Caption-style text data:
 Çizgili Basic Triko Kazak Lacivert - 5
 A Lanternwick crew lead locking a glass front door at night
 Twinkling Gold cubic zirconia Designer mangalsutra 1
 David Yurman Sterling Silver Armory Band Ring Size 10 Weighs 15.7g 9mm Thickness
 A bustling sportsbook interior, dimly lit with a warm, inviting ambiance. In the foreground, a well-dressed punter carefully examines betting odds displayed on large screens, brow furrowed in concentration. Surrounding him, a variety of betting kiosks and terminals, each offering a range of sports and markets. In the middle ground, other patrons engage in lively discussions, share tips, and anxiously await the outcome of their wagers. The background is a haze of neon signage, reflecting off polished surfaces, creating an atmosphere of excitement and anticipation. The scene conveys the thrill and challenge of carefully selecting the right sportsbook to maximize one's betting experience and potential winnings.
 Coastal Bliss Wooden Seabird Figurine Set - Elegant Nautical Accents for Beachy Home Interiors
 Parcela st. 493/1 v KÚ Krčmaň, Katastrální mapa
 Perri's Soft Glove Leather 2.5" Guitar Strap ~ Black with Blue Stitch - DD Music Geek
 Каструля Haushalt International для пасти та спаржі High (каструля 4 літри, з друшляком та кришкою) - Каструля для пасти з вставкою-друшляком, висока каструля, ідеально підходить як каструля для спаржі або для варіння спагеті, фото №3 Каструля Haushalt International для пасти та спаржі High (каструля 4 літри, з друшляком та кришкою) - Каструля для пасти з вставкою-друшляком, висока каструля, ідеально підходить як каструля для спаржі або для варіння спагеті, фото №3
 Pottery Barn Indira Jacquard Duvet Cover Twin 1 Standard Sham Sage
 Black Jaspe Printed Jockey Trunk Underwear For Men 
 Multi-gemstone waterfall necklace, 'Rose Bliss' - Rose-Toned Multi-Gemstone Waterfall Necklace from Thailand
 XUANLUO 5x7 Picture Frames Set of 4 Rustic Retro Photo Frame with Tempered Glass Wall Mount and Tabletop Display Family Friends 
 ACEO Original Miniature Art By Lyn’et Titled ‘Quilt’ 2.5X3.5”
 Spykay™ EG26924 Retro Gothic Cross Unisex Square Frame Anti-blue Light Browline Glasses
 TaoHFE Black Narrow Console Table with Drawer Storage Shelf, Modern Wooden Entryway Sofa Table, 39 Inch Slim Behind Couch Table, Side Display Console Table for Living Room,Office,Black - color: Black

▸ Exercise instructions
When the line with "Pottery Barn Indira" is reached in the data above, begin copying, and stop after the line with "Multi-gemstone waterfall necklace, 'Rose"; copy each line exactly, both ends included.

▸ Solution to this task
 Pottery Barn Indira Jacquard Duvet Cover Twin 1 Standard Sham Sage
 Black Jaspe Printed Jockey Trunk Underwear For Men 
 Multi-gemstone waterfall necklace, 'Rose Bliss' - Rose-Toned Multi-Gemstone Waterfall Necklace from Thailand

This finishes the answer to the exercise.